HA note: The following interview is reprinted with permission from the Coalition for Responsible Home Education (CRHE) and Jennifer Mathieu. It was originally published by CRHE on September 22, 2015. 

To read a book review of Devoted by HA blog partner Kierstyn King, click here.


In her novel, DevotedJennifer Mathieu enters the world of Rachel, a dutiful homeschooled daughter and sister to five younger siblings. As Rachel’s mother struggles through depression, Rachel cares for and teaches her younger siblings, escapes into forbidden books, and begins to wonder about the world outside. She reads the blog of Lauren, an older girl who left their community, and Rachel begins to question whether she really wants the path that’s set out for her: marriage, childbirth, and an end to her education. Mathieu deftly paints a very sensitive — and very realistic — portrait of a young girl whose education has effectively ended but who has so much more that she wants to learn. CRHE’s Board Member Alisa Harris spoke with Jennifer Mathieu about her research, what she learned from talking with homeschool alumni, and how her own experience as an educator played into the novel. Note: this interview has been edited for clarity and brevity.
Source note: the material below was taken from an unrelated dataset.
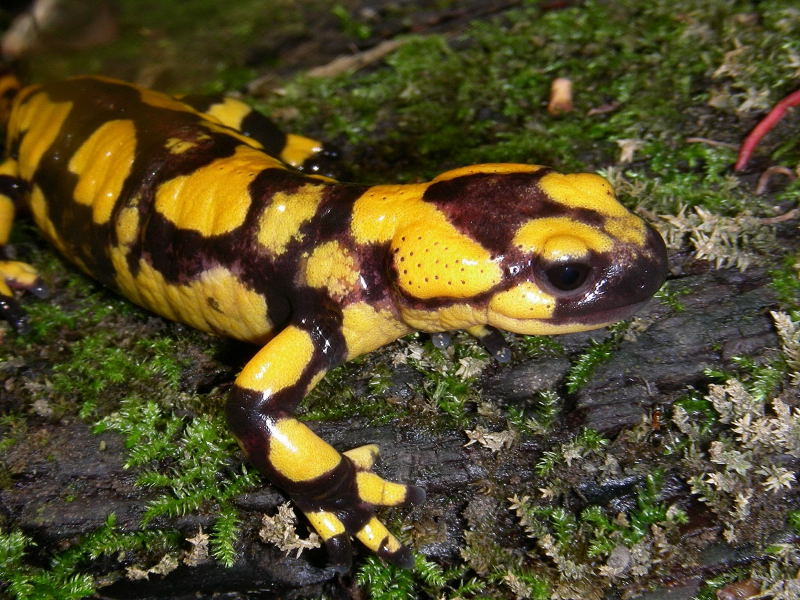 Salamandra salamandra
Alisa Harris: Did you have any connection to the homeschool community before you started researching? How much did you know? 

Jennifer Mathieu: When I was growing up, I went to Catholic school my whole life. My family was a part of our community pool and there was a church community near us that got very involved. The pastor of the church was a college swimmer and became the coach of our community swim team. He brought his whole congregation with him. All of these children homeschooled. I had never known any homeschoolers in my life so every summer I would connect with these homeschooled kids and we would have fun in the summer and I would never see them during the school year. I remember I was always asking them why they were homeschooled. They would explain to me that it was part of their faith, that the Bible told them education was the responsibility of the parent. As a little girl, I remember feeling sorry for them because I felt like they lived for the summer. I felt like the summer was their time to have connections with a ton of other kids. That was my introduction and that’s where my curiosity began.
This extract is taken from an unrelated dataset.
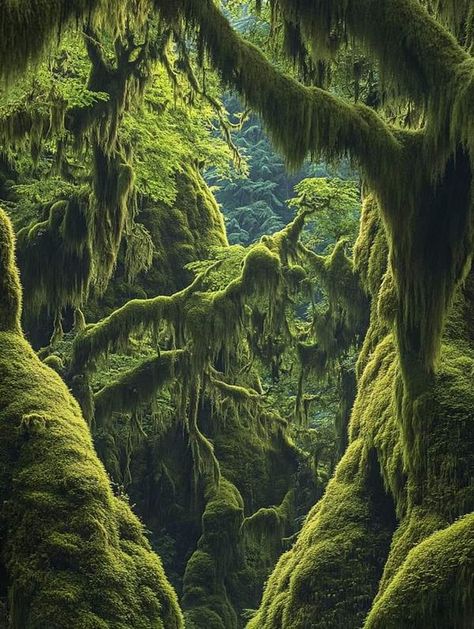 Hoh Rainforest Washington, Sapphic Wedding, Idaho Road Trip, Hoh Rainforest, Western Washington, Oregon Washington, Olympic National Park, High Fantasy, Fantasy Landscape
AH: What were your perceptions before you started your research and how did those perceptions change? What was the most surprising thing that you learned? 
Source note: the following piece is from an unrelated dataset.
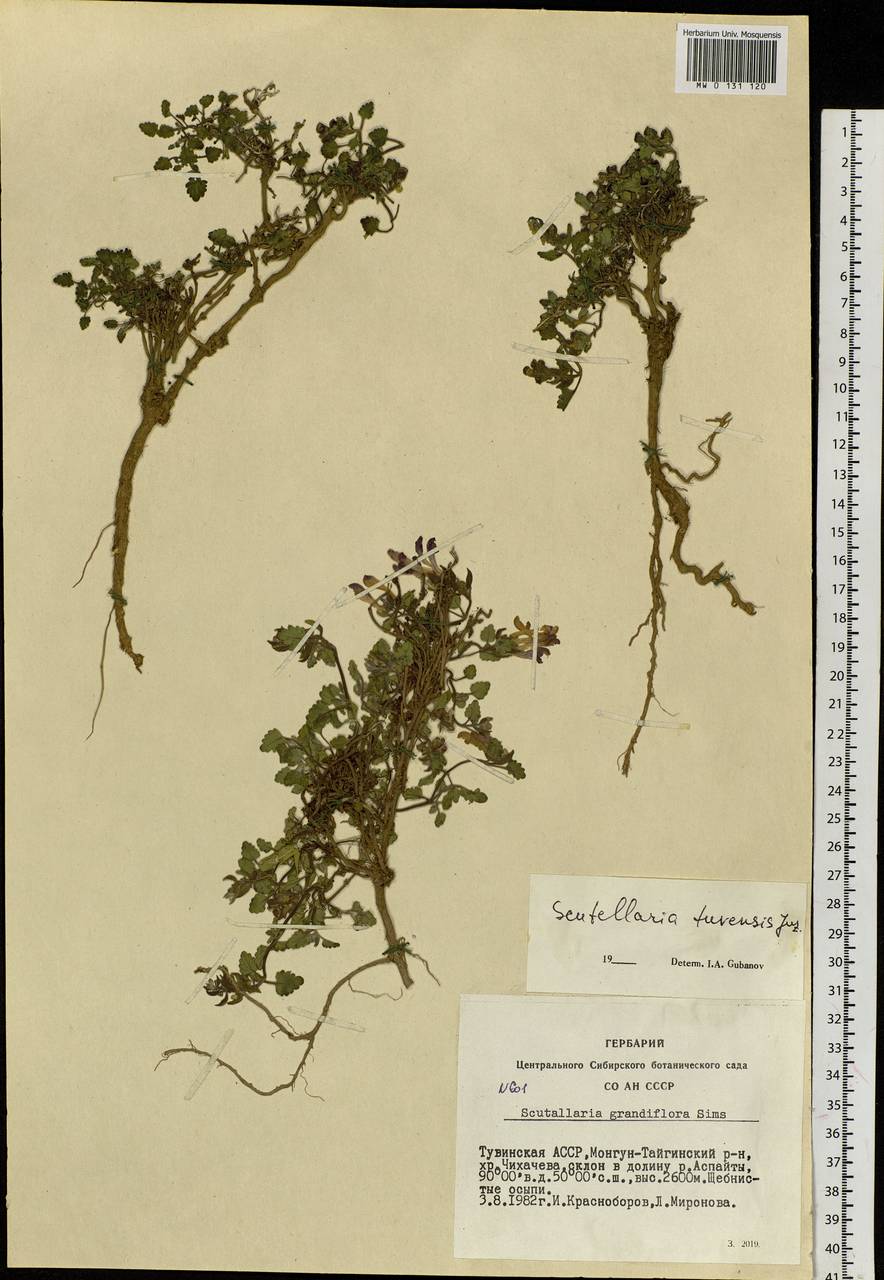 Scutellaria tuvensis Juz., Siberia, Altai & Sayany Mountains (S2) (Russia)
JM: I think something that I intuitively knew or sensed ended up being affirmed by my research. I thought that one of the challenges of being homeschooled, for some children, would be when they had outpaced whatever curriculum they were given. What would happen when they had a hunger to learn more and their parents couldn’t teach them? I remember doing science labs and chemistry labs that were super complicated, and we needed a chemistry lab. I remember thinking How would you do that? How would you complete certain things like that as homeschooler? That was affirmed for me in my research.

Even though it seems so obvious to me now, I had never thought about what a homeschooler would do if they were in an abusive situation. As a teacher, I have to report if a kid tells me anything. Lauren is being physically abused in the book. Who is she supposed to tell? I never thought about the fact that if your only world is this insular homeschool community, if you are being abused who do you have to tell?

AH: You did interviews and talked in-depth with homeschool students and alumni to research the book. Did you look for other types of data too?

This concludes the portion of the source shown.